Common extractions include:

Data access logic into repository classes
Validation logic into validator classes
Formatting logic into presenter or serializer classes
Notification logic into notifier classes
Configuration logic into configuration classes

AI-Assisted Refactoring Workflow

Here is a practical workflow for using AI in extract method/class refactoring:

Show the AI the code and ask it to identify extraction opportunities
Discuss the proposed extractions — ask about trade-offs and alternatives
Write characterization tests for the original code (see Section 26.3)
Have AI perform the extraction one method/class at a time
Run characterization tests after each extraction to verify behavior preservation
Review the refactored code to ensure it makes sense and is well-named

Prompt: "I've extracted the validation logic into a separate
OrderValidator class. Review the refactored code and check:
1. Is the interface between OrderProcessor and OrderValidator
   clean and minimal?
2. Are there any subtle behavioral changes from the extraction?
3. Are there additional methods that should move to
   OrderValidator?
4. Does the naming follow Python conventions?"

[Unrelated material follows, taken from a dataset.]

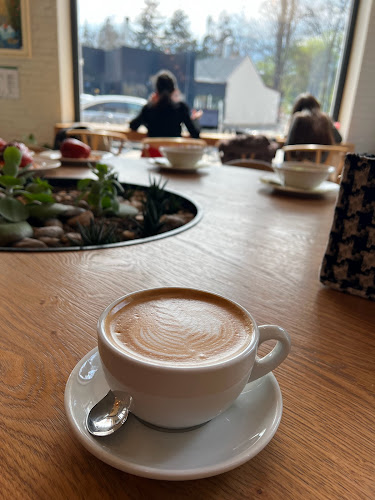 Иван Вазов, бул. „Витоша“ 202, 1408 София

Practical Tip: When extracting methods from legacy code, preserve the original method as a thin wrapper that delegates to the extracted methods. This ensures that all existing callers continue to work without modification. You can deprecate and remove the wrapper later.

26.6 Modernizing Dependency Structures

Legacy code often suffers from tangled dependency structures — circular imports, God objects that everything depends on, tight coupling to specific libraries, and global state scattered throughout the codebase. Modernizing these structures is essential for long-term maintainability.

Identifying Dependency Problems

Ask AI to analyze the dependency structure of your codebase:

Prompt: "Analyze the import statements in all Python files
under src/. Identify:
1. Circular dependencies (A imports B, B imports A)
2. Modules with more than 10 imports (potential God modules)
3. Direct imports of third-party libraries that should be
   abstracted
4. Inconsistent import patterns (some files use absolute
   imports, others use relative)"

Breaking Circular Dependencies

Circular dependencies are a common problem in legacy Python code. AI can help identify and resolve them:

Prompt: "The modules models.py and services.py have a circular
import. models.py imports ServiceRegistry from services.py, and
services.py imports User from models.py. Suggest three
different approaches to break this circular dependency, with
pros and cons of each approach."

Common solutions include:

Extract shared code into a third module that both import from
Use dependency injection to pass dependencies at runtime rather than import time
Use protocols or abstract base classes to define interfaces without concrete dependencies
Defer imports by moving them inside functions (a temporary fix, not a long-term solution)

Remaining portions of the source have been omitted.